The ship of state’s detour into deficit-infested waters has forced open a slight opportunity for counties seeking more tax options. If they can get the public behind them, the counties might squeak a local option sales tax increase through that opening.
They should go for it.
The Rowan County Commissioners and their peers have been trying for years to get more taxing authority, but to no avail. In the early ’90s spirit of Newt Gingrich’s Contract with America, Republicans and Democrats in the legislature touted the mantra of “no new taxes.”That meant no new state taxes. And it meant no additional taxing authority for local governments, who were left to rely mainly on property taxes.
That was then. This is now. And the Gingrich-era promise hangs around the state’s neck like an albatross. The philosophy was easy to embrace when money was flowing in faster than the state could spend it, but now lawmakers are looking at a $800-million-plus shortfall for this year and they can see similar storm clouds on the near horizon. It’s time to adjust course.
Lawmakers are looking at a variety of tax increases. Some of it they call “loophole closing,” but a tax is a tax. Targets range from long-distance service to cable and satellite television and beer and wine.
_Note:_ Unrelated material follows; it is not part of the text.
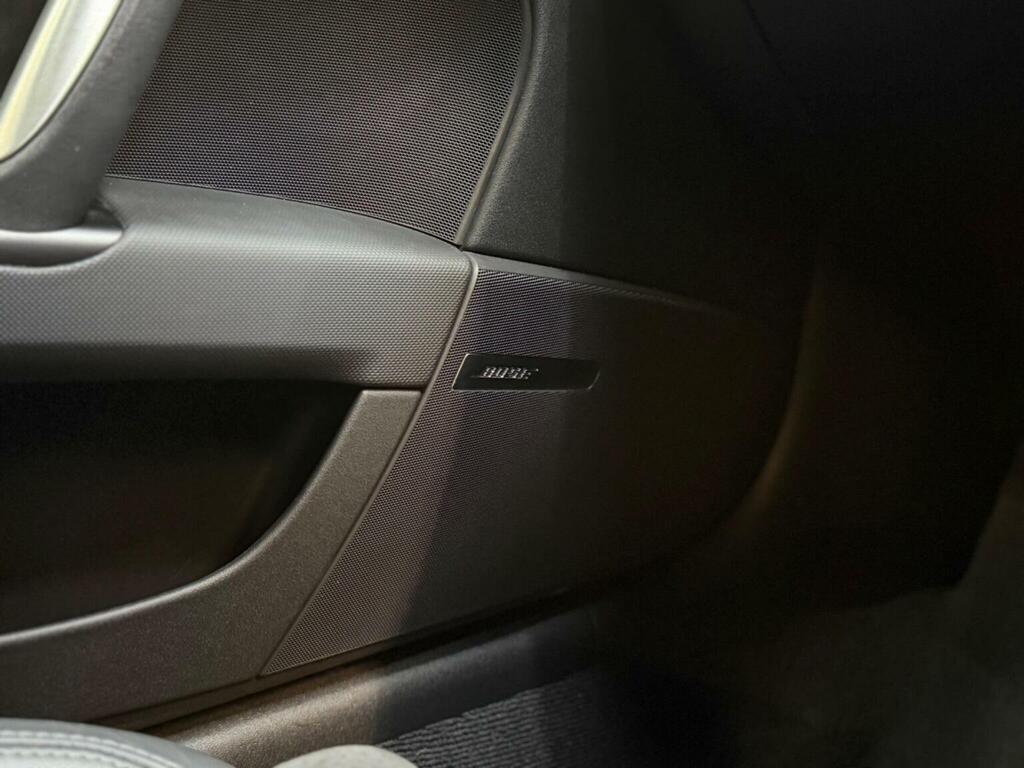 Audi TT Tdi Quattro Black Edition 2-Door White #41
Though Senate President Pro Tem Marc Basnight still mouthed the no-new-tax pledge early in this session —“I’m more interested in looking for ways to cut spending and making efforts to improve government efficiency,” he said —winds are shifting and the state appears headed for some type of multi-faceted tax increase.
Giving counties the option to raise the sales tax is a logical part of that plan. The mushrooming residential growth that many counties have experienced has not been paying for itself. New families put increased pressures on schools and social services, but the property taxes they pay don’t cover the costs. A 1-cent sales tax increase would raise about $8 million a year here, with the county and each of the 10 municipalities getting a share.
The state could end its reimbursements to counties —for everything from the inventory tax to the Homestead Exemption —and the counties would still come out ahead, if they could increase the sales tax by a penny. Meeting the Rowan-Salisbury Schools’ $60-million-plus in building needs would look more like a possibility and less like an impossible dream.
Eighty of the state’s 100 counties support a local-option sales tax. In its absence, many of them have had to approve property-tax increases for the coming year. Sooner or later, the General Assembly needs to heed this call. If lawmakers change tax course to accommodate shifting state revenues, they should do the same for the counties. The same winds blow all across the state, not just in Raleigh.